__Data supplied__.
--- START ---
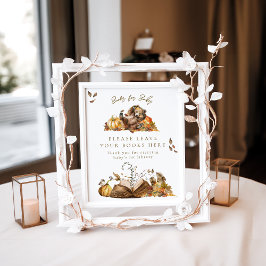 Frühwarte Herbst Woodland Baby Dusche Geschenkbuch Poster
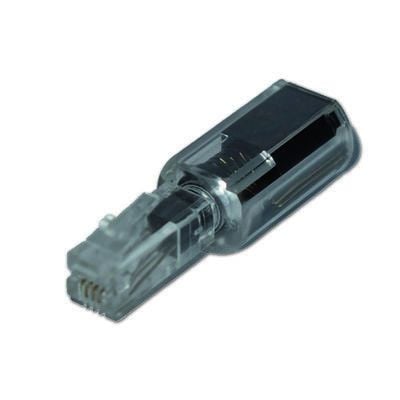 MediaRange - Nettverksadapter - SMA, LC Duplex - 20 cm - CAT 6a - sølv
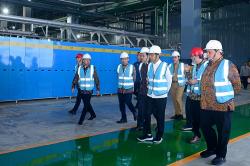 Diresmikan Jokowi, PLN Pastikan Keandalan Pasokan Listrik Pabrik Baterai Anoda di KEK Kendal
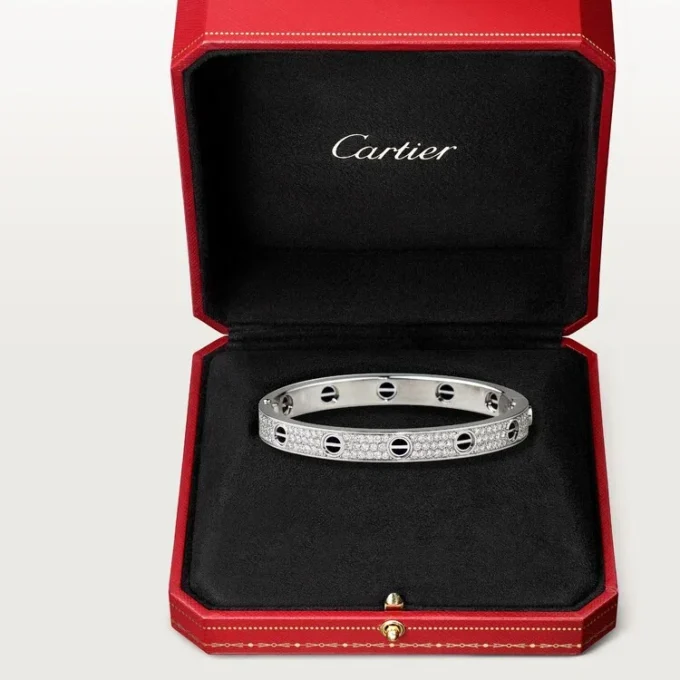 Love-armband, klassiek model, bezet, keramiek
--- END ---
--- START ---
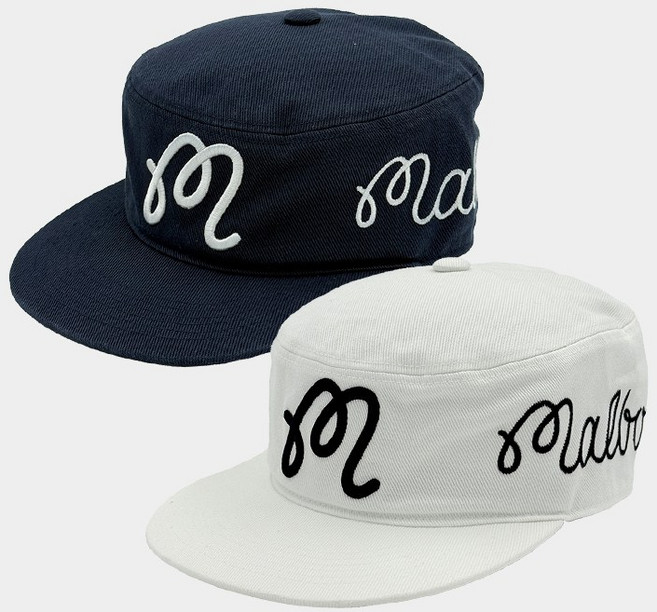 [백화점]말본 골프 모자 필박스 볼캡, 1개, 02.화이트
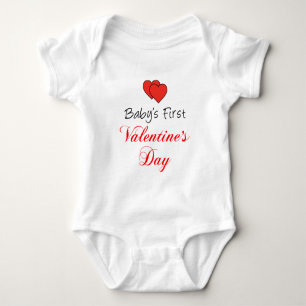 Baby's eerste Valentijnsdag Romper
--- END ---
--- START ---
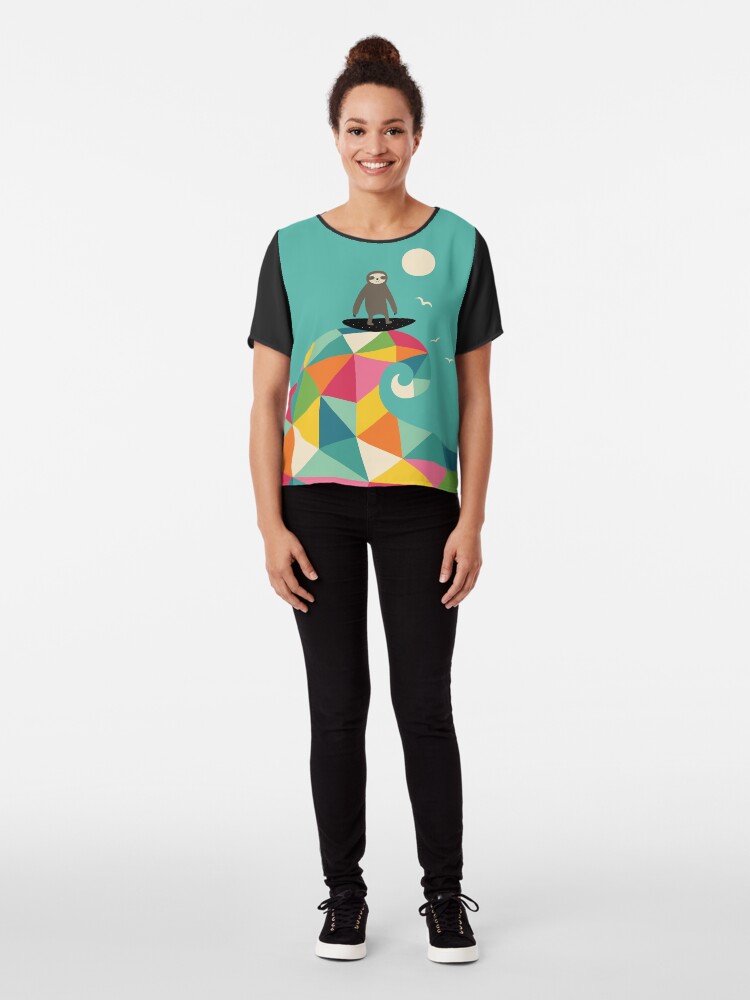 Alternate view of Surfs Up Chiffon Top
--- END ---
__Problem description__. Although the records above contain pictures, the copy should not; retype exactly the lines from the one containing "Frühwarte Herbst Woodland" through the one containing "Love-armband, klassiek model, bezet, keramiek".

__Answer__.
 Frühwarte Herbst Woodland Baby Dusche Geschenkbuch Poster
 MediaRange - Nettverksadapter - SMA, LC Duplex - 20 cm - CAT 6a - sølv
 Diresmikan Jokowi, PLN Pastikan Keandalan Pasokan Listrik Pabrik Baterai Anoda di KEK Kendal
 Love-armband, klassiek model, bezet, keramiek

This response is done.